═══ Records shown
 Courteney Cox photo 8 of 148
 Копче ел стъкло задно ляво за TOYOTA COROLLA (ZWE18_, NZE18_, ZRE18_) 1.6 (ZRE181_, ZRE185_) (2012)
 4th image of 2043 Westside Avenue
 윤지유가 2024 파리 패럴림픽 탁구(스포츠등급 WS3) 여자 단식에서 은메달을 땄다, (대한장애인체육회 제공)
══════
═══ Records shown
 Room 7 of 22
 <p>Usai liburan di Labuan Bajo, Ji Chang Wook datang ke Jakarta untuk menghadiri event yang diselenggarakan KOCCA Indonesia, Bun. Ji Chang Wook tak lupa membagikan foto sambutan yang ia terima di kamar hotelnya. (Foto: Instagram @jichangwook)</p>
══════
_What is being asked_
Reproduce, character for character, only the lines of the preceding data that start at the line with "Копче ел стъкло" and end at the line with "윤지유가 2024 파리", both included.

_Response for this exercise_
 Копче ел стъкло задно ляво за TOYOTA COROLLA (ZWE18_, NZE18_, ZRE18_) 1.6 (ZRE181_, ZRE185_) (2012)
 4th image of 2043 Westside Avenue
 윤지유가 2024 파리 패럴림픽 탁구(스포츠등급 WS3) 여자 단식에서 은메달을 땄다, (대한장애인체육회 제공)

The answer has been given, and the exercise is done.